適当にAutoItのファイルを作成し、以下のDLLをAutoItのファイルと同じ位置に配置します。

上記で作成した自作のDLL
opencv_ccalib342.dll
opencv_core342.dll
opencv_highgui342.dll
opencv_imgcodecs342.dll
opencv_imgproc342.dll

AutoItのコードは以下です。
まずはDLL関数のラッパー関数。

; @param [in] $hDll	   DllOpen()済のハンドル。ここファイル名を渡すこともできるが、そうすると毎回オープン/クローズ
;			           するせい(?)なのか、連続して呼び出すとアプリケーションエラーが発生するので、必ずハンドルを渡すこと。
; @param [in] $x       デスクトップ上のx座標
; @param [in] $y       デスクトップ上のy座標
; @param [in] $width   $xからの幅
; @param [in] $height  $yからの幅
; @retval -1 DllCallでエラー発生
; @retval 0  イメージが正常に判定し、見つかった。イメージの中心座標が$detectedXと$detectedYに格納される。
; @retval 1  イメージを正常に判定し、見つからなかった
; @retval 10 イメージのファイルが見つからなかった
; @retval 11 デスクトップ画面の取得で失敗
; @retval 12 マッチング処理でエラー発生
Func searchImageCore($hDll, $imgFileName, $x, $y, $width, $height, ByRef $detectedX, ByRef $detectedY)

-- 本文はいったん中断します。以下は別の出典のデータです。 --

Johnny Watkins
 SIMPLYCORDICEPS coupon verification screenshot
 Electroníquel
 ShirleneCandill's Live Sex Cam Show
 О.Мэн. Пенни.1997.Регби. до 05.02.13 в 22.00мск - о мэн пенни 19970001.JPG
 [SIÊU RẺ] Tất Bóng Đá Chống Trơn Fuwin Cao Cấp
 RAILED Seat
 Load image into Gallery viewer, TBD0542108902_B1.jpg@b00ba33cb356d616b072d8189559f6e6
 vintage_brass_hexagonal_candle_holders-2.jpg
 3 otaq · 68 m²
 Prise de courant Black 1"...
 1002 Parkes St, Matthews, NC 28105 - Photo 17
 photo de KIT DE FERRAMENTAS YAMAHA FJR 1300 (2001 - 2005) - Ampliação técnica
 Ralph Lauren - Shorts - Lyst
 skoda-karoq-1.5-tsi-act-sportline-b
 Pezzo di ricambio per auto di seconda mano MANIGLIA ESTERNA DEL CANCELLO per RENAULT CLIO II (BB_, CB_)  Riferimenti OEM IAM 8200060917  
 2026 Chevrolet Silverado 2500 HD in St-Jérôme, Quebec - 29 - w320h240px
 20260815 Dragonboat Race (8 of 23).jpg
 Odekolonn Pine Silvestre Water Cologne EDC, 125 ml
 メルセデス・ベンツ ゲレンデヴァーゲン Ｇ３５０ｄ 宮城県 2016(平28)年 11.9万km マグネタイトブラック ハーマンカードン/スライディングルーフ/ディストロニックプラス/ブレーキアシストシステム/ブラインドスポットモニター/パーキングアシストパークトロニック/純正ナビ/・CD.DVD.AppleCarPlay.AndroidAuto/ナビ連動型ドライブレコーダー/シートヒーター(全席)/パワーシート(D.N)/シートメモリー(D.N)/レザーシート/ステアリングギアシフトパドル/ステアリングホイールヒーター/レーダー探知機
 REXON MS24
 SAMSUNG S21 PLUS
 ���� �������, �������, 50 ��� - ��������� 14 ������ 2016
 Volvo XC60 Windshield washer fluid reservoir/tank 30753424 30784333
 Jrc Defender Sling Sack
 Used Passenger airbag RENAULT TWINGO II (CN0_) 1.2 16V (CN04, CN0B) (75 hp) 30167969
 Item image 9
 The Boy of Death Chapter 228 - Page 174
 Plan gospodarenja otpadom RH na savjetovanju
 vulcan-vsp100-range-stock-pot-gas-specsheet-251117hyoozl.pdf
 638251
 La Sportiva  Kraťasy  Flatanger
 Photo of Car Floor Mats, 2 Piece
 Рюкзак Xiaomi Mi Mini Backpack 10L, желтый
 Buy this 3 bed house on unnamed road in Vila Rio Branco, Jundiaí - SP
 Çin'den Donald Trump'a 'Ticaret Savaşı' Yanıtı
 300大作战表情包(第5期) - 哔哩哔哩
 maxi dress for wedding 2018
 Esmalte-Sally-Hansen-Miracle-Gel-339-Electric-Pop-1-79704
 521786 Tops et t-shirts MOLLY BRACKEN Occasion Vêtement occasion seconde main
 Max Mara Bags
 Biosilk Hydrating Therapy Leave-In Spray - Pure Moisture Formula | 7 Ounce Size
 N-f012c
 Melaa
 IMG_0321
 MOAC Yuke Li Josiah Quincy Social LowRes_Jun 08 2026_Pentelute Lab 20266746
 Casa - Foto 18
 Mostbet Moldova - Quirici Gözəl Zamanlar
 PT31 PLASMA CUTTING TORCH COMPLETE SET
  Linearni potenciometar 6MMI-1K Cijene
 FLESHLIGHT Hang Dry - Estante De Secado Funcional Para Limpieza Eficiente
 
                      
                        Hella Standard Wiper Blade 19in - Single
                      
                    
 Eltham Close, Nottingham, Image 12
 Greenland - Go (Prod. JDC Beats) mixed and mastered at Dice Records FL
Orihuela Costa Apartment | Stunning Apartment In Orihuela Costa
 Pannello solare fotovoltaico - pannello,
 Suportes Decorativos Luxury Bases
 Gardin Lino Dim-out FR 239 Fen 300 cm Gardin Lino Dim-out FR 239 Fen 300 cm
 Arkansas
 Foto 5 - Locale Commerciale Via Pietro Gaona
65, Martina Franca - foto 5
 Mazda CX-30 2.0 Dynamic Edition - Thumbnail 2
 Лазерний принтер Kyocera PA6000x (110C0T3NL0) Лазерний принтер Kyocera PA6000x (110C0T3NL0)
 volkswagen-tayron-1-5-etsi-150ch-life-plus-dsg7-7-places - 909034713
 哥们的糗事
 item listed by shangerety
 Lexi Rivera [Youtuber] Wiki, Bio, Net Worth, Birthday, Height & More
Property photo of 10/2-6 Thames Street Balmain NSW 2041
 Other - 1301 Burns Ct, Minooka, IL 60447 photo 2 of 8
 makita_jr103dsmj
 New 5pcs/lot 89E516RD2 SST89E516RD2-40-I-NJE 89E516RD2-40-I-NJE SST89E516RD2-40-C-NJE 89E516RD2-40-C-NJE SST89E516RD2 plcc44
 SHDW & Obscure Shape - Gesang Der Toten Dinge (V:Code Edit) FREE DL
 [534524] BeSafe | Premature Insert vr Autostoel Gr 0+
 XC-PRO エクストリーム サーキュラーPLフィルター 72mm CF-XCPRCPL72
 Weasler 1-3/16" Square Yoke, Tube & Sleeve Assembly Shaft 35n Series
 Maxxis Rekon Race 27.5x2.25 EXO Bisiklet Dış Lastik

	Dim $ret = DllCall($hDll, _
			"int:cdecl", _
			"searchImg", _
			"str", $imgFileName, _
			"int", $x, _
			"int", $y, _
			"int", $width, _
			"int", $height, _
			"int*", $detectedX, _
			"int*", $detectedY)
	If (@error <> 0) Then
		ConsoleWrite( "DllCall error!." & @LF )
		MsgBox(0, "error", "DllCall returned " & @error & "  imgFile=" & $imgFileName & @CRLF)
		Return -1
	EndIf

	; 0    -> 見つかった
	; 1    -> 見つからなかった
	; その他 -> エラー発生

	; 見つかった場合だけ、値を格納して、戻り値はコール元にそのまま返す
	If ($ret[0] = 0) Then

		$detectedX = $x
		$detectedY = $y

	EndIf

	Return $ret[0]

EndFunc   ;==>searchImageCore

次に、ラッパー関数を呼び出すAutoItコード。

Global $g_hDll = DllOpen( "<自作のDLLファイル名>.dll" )

Local detectedX = 0
Local detectedY = 0

Local $ret = searchImageCore($g_hDll, _
	                "abc.bmp", _
			0, _
			0, _
			1920, _
			1080, _
			$detectedX, _
			$detectedY)
If ($ret = 0) Then
	; 見つかった
	ConsoleWrite("searchImage detected!  dx=" & $detectedX & "  dy=" & $detectedY & @CRLF)
Else
	; 普通に見つからなかったか、なんらかのエラー発生。見つからなかったとして帰る。
	If ($ret <> 1) Then
		; 普通に見つからない場合以外はログを出しておく
		ConsoleWriteError("[Error] searchImage returned " & $ret & "  imgFile=" & $imgFile & @CRLF)
	EndIf
EndIf

思ったより長くなってしまった。あぁ疲れた…。